R.—«C'était un prince... Comment, déjà?... Un de ces noms de là-bas, en off... Obiroff... Amiroff... Ah! et Boris... J'y suis maintenant: Boris Omiroff.
—Merci, madame. Vous pouvez vous retirer,» dit le président.
Le surlendemain, après le réquisitoire et les plaidoiries, le jury s'enferma dans sa salle de délibérations, où il resta plus de deux heures. Il en revint pour déclarer non coupables Tatiane Kachintzeff, Katerine Risslaya et Wladimir, l'illuminé. Des applaudissements retentirent. Mais ils se changèrent en murmures quand le chef du jury proclama la culpabilité de Pierre Marowsky, complice dans la fabrication des bombes et la préparation d'un assassinat. Avec indifférence, on écouta la même phrase appliquée à Toulénine, l'absent. Chacun d'eux—Toulénine par contumace—fut condamné à cinq ans de réclusion.
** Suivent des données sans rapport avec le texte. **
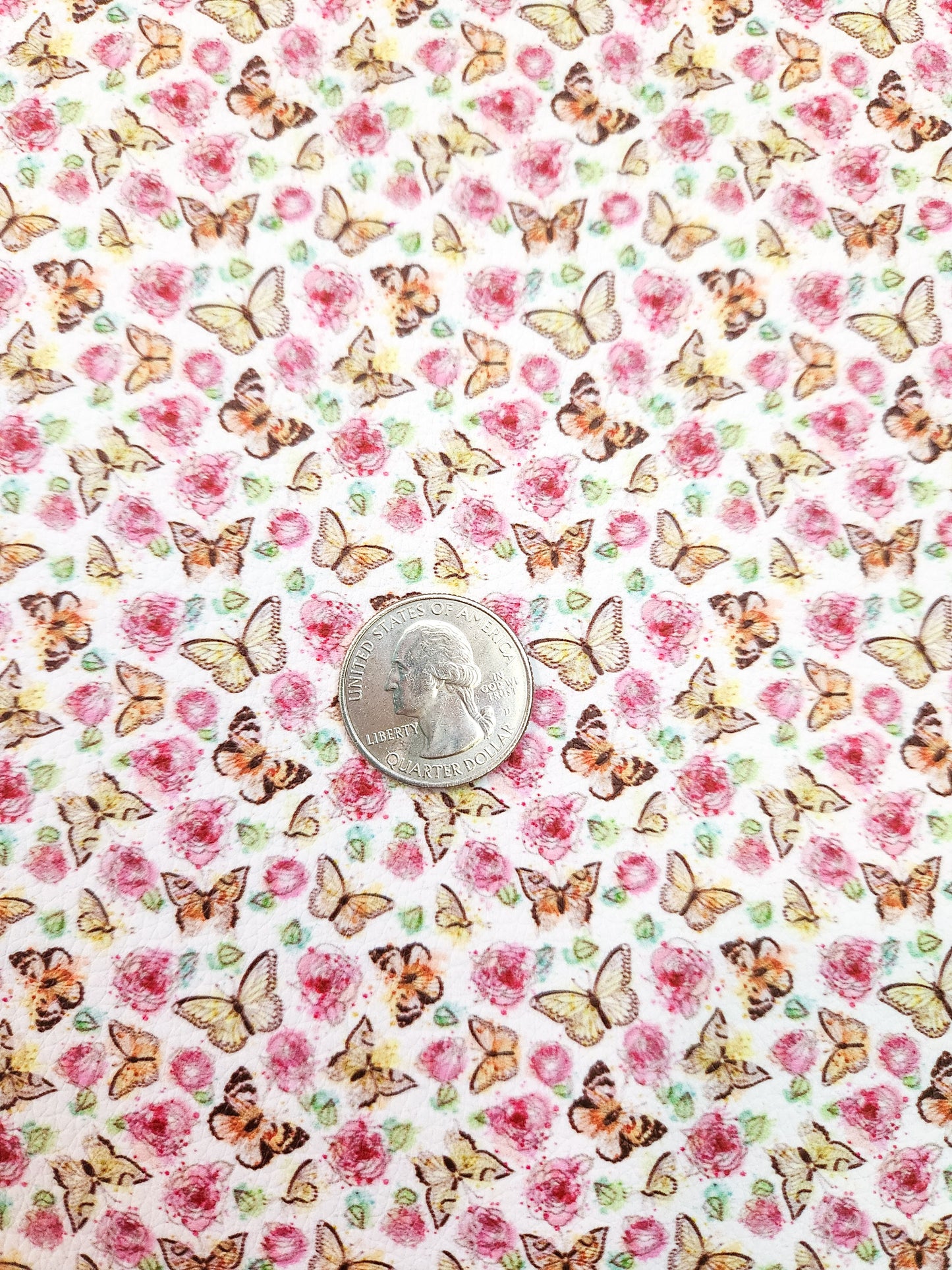 Yellow Pink Butterflies 9x12 faux leather sheet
Et les belles dames, en sortant, tiraient du petit sac d'or ou de perles un minuscule mouchoir. Car le dernier spectacle était celui de Tatiane prenant dans ses deux mains les mains de son fiancé, et, échangeant avec lui un regard que les tendres spectatrices imaginaient ruisselant de larmes, faute d'en pouvoir discerner la flamme héroïque, la merveilleuse énergie.
VI
LA MÈRE
—«Allons... ma Flaviana... dis... ç'a été triomphal, cette répétition générale des Elfes?»